Un activo para la salud o el desarrollo es todo recurso que aumenta la capacidad de los individuos, familias y comunidades para mantener la salud y el bienestar. Estos activos pueden operar a nivel de individuo, familia y comunidad como factores promotores o protectores contra los estresores vitales. Así algunos ejemplos de activos podrían ser:

- Las habilidades prácticas, capacidades y conocimientos de los residentes en una comunidad.
- Personas concretas que disponen de ciertos recursos o competencias personales que pueden resultar útiles a muchos padres y madres o a la comunidad general, como un líder religioso, un monitor deportivo, el orientador de un instituto o una madre de una AMPA.
- Las redes sociales existentes en la comunidades, que se suelen denominar capital social, y que incluye las relaciones vecinales, de amistad o basadas en asociaciones.
- Muy relacionado con lo anterior, hay que destacar la importancia de la cohesión comunitaria, la solidaridad intergeneracional, la tolerancia religiosa y cultural y la armonía social.
- Los recursos públicos y privados  que están disponibles para apoyar a familias, infancia y comunidad. Es decir, todos aquellos servicios en los ámbitos de la salud, la educación, la cultura o los servicios sociales.
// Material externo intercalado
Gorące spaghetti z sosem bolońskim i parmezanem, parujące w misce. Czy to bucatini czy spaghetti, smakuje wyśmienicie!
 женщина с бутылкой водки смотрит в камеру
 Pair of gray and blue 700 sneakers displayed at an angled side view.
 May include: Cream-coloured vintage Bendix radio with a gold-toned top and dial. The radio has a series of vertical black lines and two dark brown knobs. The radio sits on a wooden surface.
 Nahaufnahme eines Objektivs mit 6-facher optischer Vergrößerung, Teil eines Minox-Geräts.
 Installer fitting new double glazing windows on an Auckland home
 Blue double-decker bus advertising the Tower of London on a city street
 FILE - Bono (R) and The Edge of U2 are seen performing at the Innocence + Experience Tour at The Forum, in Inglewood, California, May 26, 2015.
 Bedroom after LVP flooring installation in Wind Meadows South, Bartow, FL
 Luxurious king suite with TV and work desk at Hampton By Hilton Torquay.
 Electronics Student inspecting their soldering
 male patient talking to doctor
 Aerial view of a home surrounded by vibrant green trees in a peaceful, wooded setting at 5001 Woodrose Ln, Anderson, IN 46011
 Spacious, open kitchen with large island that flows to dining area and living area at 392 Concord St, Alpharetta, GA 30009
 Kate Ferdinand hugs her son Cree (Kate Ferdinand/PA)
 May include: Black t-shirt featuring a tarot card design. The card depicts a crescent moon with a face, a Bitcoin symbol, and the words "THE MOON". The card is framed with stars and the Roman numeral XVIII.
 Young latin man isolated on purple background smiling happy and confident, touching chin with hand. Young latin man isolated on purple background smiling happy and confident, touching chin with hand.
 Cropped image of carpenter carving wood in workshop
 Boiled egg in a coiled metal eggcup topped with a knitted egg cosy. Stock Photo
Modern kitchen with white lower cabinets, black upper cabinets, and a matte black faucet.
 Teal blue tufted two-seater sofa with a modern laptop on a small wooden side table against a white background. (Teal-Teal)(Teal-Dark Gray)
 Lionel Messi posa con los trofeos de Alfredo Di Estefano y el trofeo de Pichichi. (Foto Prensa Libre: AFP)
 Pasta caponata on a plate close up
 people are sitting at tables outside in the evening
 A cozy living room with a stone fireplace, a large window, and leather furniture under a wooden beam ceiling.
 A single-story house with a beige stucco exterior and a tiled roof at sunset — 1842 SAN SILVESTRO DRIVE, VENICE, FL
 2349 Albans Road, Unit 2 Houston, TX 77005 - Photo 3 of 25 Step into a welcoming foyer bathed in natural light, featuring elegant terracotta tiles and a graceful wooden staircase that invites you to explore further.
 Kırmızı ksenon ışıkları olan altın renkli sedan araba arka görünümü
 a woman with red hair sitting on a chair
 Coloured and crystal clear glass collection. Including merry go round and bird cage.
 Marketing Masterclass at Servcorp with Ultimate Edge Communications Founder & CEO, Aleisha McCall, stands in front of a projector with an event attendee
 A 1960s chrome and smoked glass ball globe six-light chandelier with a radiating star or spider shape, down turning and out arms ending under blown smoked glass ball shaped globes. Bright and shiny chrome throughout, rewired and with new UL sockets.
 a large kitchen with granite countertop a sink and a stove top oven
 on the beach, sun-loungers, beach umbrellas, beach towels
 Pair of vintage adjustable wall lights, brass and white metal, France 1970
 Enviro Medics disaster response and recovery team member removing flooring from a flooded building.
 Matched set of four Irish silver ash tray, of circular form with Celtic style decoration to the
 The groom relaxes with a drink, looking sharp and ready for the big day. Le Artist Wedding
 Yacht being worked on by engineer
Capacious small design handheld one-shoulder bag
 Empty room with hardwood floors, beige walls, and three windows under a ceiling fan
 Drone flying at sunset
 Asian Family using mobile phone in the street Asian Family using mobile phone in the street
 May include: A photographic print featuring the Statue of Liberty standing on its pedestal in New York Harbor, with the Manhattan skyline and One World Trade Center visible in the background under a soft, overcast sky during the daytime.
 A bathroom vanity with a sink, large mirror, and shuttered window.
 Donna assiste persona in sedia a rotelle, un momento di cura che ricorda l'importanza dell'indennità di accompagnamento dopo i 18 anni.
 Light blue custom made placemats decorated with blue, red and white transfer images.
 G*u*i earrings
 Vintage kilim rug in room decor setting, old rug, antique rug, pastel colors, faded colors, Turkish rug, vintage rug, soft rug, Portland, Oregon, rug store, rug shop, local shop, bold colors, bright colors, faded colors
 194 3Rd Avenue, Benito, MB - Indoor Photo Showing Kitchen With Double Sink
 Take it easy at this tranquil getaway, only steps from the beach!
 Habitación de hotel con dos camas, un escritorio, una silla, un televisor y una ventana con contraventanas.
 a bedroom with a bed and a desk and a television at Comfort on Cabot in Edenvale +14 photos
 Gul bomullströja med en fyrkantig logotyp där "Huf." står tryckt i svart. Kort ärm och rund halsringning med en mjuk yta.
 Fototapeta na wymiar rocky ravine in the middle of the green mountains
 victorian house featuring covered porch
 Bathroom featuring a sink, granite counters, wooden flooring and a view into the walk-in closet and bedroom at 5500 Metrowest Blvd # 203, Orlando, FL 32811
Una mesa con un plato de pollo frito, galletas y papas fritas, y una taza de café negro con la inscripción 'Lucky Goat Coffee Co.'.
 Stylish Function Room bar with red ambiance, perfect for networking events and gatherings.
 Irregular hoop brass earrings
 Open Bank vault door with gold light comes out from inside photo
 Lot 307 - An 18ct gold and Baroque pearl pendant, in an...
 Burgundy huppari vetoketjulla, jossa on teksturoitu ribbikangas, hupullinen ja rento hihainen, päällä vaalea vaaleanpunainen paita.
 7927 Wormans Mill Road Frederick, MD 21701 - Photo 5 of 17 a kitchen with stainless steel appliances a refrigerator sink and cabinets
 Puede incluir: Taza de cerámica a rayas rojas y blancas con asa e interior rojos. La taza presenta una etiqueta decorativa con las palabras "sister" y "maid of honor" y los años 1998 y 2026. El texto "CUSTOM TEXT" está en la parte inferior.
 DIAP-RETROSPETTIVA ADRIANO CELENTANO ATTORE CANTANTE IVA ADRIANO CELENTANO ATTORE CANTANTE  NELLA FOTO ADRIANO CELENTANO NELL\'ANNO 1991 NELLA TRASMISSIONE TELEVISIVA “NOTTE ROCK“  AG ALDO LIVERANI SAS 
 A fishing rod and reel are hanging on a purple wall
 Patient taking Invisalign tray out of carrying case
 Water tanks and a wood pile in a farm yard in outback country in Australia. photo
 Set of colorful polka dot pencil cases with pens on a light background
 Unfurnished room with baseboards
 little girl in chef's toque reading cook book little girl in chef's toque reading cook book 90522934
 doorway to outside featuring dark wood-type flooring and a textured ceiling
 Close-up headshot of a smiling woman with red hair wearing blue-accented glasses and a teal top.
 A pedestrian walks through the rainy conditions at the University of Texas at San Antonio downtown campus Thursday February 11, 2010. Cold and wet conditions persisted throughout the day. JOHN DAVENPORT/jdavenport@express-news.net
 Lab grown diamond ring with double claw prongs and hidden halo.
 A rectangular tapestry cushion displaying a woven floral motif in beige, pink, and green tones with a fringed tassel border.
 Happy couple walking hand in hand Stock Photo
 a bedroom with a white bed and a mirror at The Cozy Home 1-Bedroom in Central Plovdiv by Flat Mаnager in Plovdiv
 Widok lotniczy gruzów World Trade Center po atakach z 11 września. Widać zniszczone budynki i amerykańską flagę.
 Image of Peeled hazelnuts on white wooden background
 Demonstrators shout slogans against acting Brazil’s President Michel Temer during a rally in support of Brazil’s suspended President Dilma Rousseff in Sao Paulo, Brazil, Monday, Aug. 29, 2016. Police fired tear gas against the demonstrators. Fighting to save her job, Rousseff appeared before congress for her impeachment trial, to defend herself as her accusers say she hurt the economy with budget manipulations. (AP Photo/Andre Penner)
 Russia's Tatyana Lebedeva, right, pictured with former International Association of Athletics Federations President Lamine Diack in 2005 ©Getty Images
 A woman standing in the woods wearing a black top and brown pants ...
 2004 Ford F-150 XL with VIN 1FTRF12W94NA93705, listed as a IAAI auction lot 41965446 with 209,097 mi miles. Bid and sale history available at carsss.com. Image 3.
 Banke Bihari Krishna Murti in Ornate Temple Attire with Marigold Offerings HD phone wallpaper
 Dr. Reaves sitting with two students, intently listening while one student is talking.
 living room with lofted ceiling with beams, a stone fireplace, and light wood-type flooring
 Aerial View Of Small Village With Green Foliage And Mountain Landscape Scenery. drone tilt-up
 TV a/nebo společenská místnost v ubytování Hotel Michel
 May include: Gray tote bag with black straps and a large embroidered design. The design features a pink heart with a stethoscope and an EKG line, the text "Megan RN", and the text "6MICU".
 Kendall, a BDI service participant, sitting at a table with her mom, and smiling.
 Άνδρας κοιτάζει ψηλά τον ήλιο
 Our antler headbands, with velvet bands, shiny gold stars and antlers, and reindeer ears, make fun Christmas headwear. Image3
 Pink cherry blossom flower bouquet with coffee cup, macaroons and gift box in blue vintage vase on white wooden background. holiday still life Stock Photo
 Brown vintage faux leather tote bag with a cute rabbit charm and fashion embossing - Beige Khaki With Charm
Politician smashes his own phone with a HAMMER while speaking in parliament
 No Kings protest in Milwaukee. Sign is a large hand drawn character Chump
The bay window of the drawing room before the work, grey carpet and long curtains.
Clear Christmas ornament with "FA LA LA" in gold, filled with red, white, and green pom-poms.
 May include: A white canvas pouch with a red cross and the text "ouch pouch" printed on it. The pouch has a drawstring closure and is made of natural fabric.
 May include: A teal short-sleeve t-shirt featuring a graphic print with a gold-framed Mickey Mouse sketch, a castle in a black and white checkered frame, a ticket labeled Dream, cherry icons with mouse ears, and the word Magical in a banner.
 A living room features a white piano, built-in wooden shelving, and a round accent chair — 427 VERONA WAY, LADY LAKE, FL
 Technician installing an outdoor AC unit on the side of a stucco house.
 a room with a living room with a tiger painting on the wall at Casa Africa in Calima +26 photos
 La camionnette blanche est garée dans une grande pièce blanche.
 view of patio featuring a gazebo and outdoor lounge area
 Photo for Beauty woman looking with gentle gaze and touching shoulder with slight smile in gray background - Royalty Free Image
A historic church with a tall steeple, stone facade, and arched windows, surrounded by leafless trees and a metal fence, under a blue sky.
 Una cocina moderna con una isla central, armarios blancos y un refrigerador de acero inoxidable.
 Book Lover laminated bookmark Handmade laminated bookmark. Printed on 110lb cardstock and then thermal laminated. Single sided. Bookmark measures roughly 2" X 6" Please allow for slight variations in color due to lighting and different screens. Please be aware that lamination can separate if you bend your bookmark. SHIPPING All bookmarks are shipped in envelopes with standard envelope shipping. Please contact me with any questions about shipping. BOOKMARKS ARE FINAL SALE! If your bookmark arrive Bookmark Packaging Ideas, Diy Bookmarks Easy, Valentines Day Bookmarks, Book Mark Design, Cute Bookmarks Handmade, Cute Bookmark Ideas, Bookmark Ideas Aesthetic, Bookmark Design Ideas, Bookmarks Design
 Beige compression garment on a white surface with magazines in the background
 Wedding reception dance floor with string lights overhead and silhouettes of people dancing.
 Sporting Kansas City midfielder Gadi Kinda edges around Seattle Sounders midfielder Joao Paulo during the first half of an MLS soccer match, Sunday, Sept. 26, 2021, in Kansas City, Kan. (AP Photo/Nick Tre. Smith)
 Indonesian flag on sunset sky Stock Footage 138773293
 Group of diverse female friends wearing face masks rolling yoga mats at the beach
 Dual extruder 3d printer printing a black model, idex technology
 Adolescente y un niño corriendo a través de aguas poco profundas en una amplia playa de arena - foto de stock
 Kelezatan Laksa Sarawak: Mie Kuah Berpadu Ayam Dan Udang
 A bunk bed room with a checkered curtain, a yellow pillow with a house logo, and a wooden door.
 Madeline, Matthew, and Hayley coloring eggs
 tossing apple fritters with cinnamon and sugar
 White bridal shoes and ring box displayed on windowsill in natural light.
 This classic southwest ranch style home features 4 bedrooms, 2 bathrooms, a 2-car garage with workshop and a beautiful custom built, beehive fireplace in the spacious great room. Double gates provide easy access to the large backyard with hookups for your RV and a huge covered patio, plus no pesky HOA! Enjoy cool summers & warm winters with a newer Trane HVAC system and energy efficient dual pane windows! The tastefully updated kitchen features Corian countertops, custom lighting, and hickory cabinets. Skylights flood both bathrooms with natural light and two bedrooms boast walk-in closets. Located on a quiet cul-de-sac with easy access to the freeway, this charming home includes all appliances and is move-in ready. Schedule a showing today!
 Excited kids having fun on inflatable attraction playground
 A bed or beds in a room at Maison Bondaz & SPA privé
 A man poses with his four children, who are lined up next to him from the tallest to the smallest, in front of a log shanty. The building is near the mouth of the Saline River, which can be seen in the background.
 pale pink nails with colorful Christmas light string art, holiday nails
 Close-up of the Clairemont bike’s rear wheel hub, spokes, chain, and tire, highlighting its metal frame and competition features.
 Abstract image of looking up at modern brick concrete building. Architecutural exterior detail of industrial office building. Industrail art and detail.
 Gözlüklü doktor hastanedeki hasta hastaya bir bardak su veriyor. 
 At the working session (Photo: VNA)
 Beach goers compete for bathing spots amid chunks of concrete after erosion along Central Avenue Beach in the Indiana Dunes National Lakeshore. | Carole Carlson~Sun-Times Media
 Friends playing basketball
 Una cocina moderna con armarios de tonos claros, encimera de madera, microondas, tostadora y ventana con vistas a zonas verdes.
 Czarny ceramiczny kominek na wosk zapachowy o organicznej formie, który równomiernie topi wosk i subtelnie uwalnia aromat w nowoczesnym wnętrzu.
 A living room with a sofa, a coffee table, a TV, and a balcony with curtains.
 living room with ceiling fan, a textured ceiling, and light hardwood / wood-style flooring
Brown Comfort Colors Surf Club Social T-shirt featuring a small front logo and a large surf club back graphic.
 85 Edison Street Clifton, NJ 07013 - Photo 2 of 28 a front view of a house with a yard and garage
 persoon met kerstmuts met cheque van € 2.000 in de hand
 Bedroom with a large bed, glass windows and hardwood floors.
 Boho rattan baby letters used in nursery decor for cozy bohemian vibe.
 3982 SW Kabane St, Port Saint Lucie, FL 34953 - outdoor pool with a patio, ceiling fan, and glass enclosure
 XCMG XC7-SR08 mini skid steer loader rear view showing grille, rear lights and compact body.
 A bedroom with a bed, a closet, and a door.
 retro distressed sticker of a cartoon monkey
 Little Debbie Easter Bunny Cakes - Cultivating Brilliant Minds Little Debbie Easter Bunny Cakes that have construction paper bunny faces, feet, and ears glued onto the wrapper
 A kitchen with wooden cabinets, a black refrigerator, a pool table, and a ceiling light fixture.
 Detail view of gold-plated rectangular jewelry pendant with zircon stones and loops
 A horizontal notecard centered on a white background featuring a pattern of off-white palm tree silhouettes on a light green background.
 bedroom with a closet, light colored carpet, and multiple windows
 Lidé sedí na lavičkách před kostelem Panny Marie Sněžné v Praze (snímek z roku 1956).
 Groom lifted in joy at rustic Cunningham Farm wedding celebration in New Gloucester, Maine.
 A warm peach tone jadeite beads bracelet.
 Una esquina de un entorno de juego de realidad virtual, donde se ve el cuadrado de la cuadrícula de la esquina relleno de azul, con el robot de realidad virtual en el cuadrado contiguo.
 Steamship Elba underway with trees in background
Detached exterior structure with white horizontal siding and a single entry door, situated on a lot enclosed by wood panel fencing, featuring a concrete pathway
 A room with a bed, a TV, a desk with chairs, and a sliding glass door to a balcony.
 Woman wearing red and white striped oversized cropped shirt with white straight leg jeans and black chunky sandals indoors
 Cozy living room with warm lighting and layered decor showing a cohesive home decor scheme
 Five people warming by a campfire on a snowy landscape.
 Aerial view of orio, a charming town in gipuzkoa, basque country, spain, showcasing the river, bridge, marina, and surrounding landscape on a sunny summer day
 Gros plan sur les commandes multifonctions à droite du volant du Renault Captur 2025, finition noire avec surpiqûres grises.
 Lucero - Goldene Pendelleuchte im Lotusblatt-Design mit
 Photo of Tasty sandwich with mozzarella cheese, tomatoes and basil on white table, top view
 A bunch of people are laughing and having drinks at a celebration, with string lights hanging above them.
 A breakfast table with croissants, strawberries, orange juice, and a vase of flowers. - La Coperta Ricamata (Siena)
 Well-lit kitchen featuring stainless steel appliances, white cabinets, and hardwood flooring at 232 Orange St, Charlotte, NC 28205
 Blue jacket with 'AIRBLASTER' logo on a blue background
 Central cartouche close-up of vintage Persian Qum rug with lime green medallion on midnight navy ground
- Aquellos recursos económicos que crean puestos de trabajo y apoyan la economía local, proporcionando a las familias la posibilidad de llevar una forma de vida que favorezca el ejercicio de un estilo de vida saludable.
- Los espacios físicos, tanto naturales como artificiales, existentes en la localidad o en sus alrededores que permiten a la población relacionarse, hacer ejercicio y disfrutar de su ocio, como un bosque, un parque, el mercado o una playa.

Un instrumento de mucha utilidad usado en este enfoque es el denominado mapa de activos. Un mapa es un recurso muy útil que ayuda a destacar los activos disponibles en una comunidad, y permite ubicarlos físicamente y mostrar las relaciones entre ellos. Así, facilita la detección de posibles concentraciones de activos o programas en una determinada área, posibles solapamientos y carencias que podrían haber pasado desapercibidas.